Running many tailings slopes
If you had a lot of beach slopes you wanted to run, for example, between 1% and 5% in 0.1% increments, it would be a time consuming exercise to go through and define 41 sets of tailings properties. Instead, we can use an API function to create tailings properties within the script. The function is called muk3d.ooze.create_linear_tailings.
The use of this is shown below.
1 2 3 4 5 6 7 8 9 10 11 12 13 |
from muk3d.ooze import create_linear_tailings
tailings_properties = create_linear_tailings(0.01, 0.03)
cmd = get_command('Single stream no pond, as drawn')
result = cmd({ 'base': u'grid+dam.mgrid',
'deposition model': 'Single stream no pond, as drawn',
'dischargePoints': u'disch_1.mcurve',
'maxPondIterations': 1,
'pond_location': None,
'user tailings': tailings_properties
#'tailings': tailings_stream,
})
|
In line #1 create_linear_tailings is imported.
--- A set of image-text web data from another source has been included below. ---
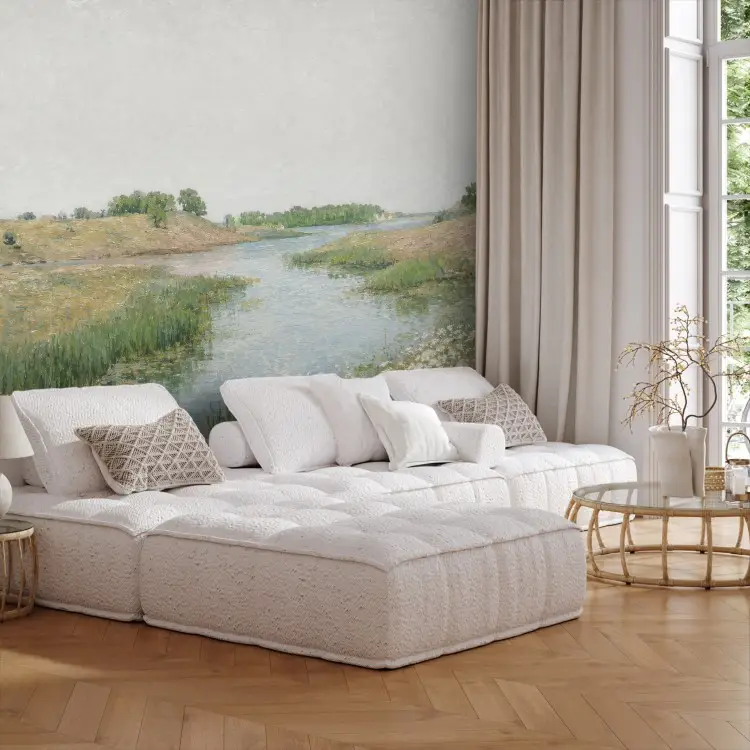 Een rustige rivier - een idyllische weide met bloeiende witte details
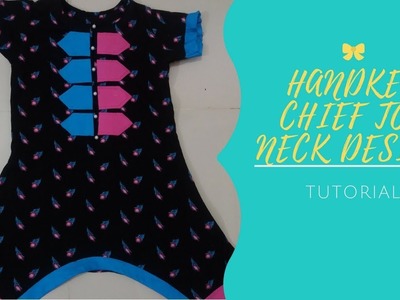 DIY.Handkerchief pattern kurti with stylish neck design.STYLISH dress design for girls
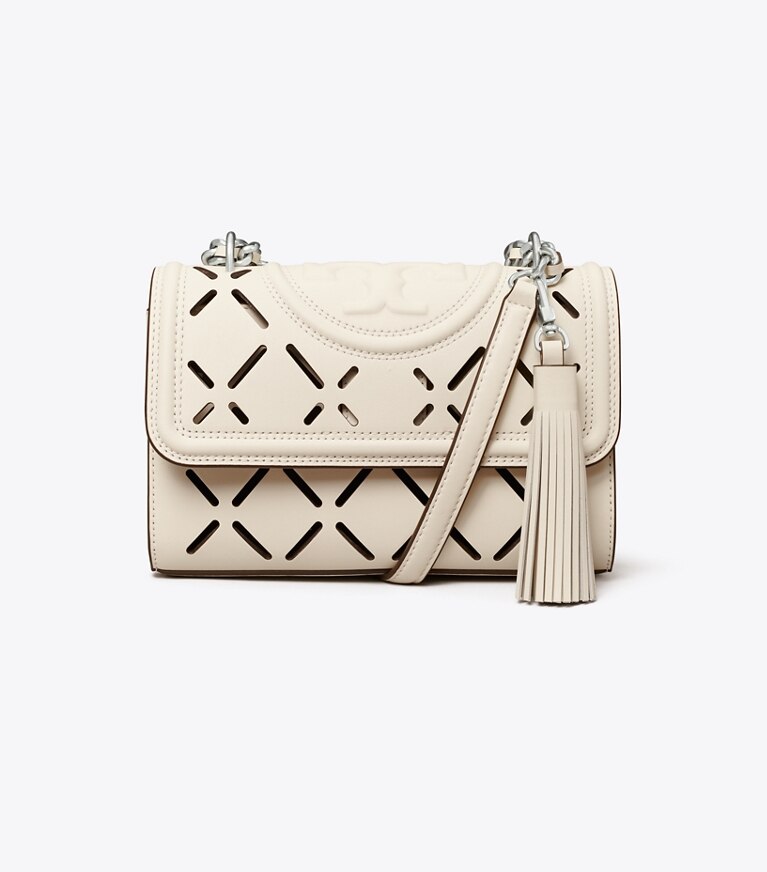 Tory Burch designer sacs porté épaule Petit sac à bandoulière convertible Fleming à motif losanges perforé dans NEW IVORY / DARK LOTUS de face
Tailings properties are constructed in line 3. The function takes 2 mandatory arguments - the first is the slope above water (% as a decimal fraction - in this example 0.01 is a 1% beach slope) and the second is the slope below water.
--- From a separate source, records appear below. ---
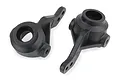 Two black plastic RC steering hubs, one marked L and one marked R, isolated on a white background.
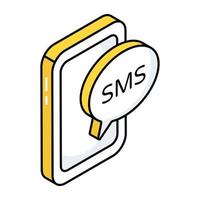 A creative design icon of mobile sms vector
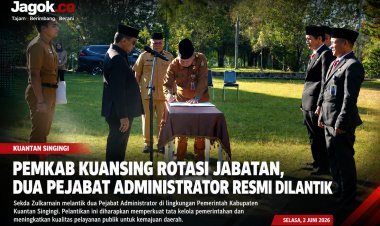 Pemkab Kuansing Rotasi Jabatan, Dua Pejabat Administrator Dilantik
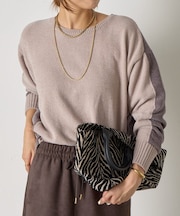 モール配色クルーニット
In line 11 a new entry is added to the dictionary passed to the deposition function, with the key equal to 'user tailings' and the value the variable tailings_properties.
In line 12 the tailings key/value pair is commented out.
Now, when the command is run it will use the user defined tailings slope.
Sensitivity
To run a range of combinations or beach above and below water slopes, the deposition function could be embedded within 2 for loops.
1 2 3 4 5 6 7 8 9 10 11 12 13 14 15 16 17 18 19 |
from muk3d.ooze import create_linear_tailings
from muk3d.util import frange
for baw in frange(0.01, 0.05, 0.01):
for bbw in frange(0.02, 0.06, 0.01):
tailings_properties = create_linear_tailings(baw, bbw)
cmd = get_command('Single stream no pond, as drawn')
result = cmd({ 'base': u'grid+dam.mgrid',
'deposition model': 'Single stream no pond, as drawn',
'dischargePoints': u'disch_1.mcurve',
'maxPondIterations': 1,
'pond_location': None,
'user tailings': tailings_properties
#'tailings': tailings_stream,
})
# process the deposition result from each stream
# ...
|
In Python, when you want to loop through a numeric sequence, you'd use the range function to generate that sequence. The problem with range is that it only works for integers. In the Muk3D Python API there is a function called frange (muk3d.util.frange) which works like range, except it works with decimals. In this case, in Line 4, the frange will go from 0.01 to 0.05 (inclusive) in steps of 0.01.
Similarly, in line 5 the bbw variable is set to values between 0.02 and 0.06 in steps of 0.01.
Once this runs it will get the first baw slope (0.01) and then do all the bbw slopes. Then it'll move to the next baw slope (0.02) and do all bbw slopes again.